Injection and doping dependence of SEM and scanning light spot diffusion length measurements in silicon power rectifiers

SEM electron beam-induced current (EBIC) and light spot scanner photocurrent (PC) versus distance characteristics recorded from silicon power rectifiers were observed to vary consistently with beam power over the range 0.1 μW to 1 mW. To interpret these results, existing theory has been extended to incorporate a minority carrier lifetime which varies with position, doping and injection level. A simple procedure was devised to take surface recombination into account; under these conditions good agreement was obtained between theory and experiment. In the diffused end regions the results were best explained by a lifetime which varied with doping at N_d^{-( 1 2)}. The variation in shape with increasing beam power could be understood on the basis of an injection dependent surface recombination velocity.
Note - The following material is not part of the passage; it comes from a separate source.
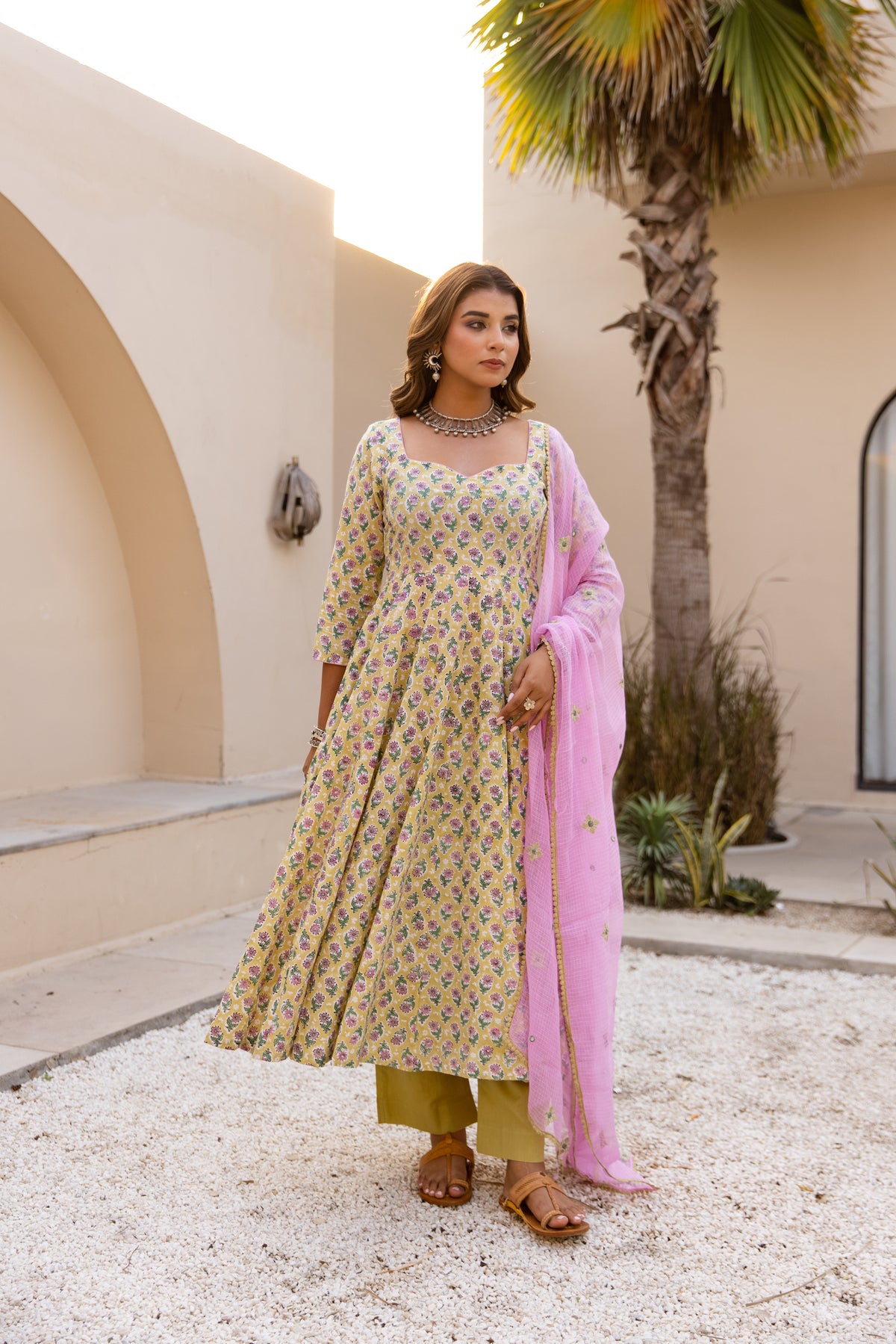 Pista & Lavender (Sleeved)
In the base, it was necessary to consider injection dependent effects both in the bulk and at the surface to explain the observed characteristics. We conclude that EBIC/PC techniques, while excellent for measuring surface recombination velocity and low level lifetime, are less satisfactory at higher levels. The wide range of injection levels produced by an electron probe or laser light spot makes the analysis rather uncertain. The techniques do, however, provide a good method for assessing lifetime in power devices and, suitably interpreted, can provide useful information about the way lifetime varies with injection level. Taking surface recombination into account is absolutely essential if valid results are to be obtained.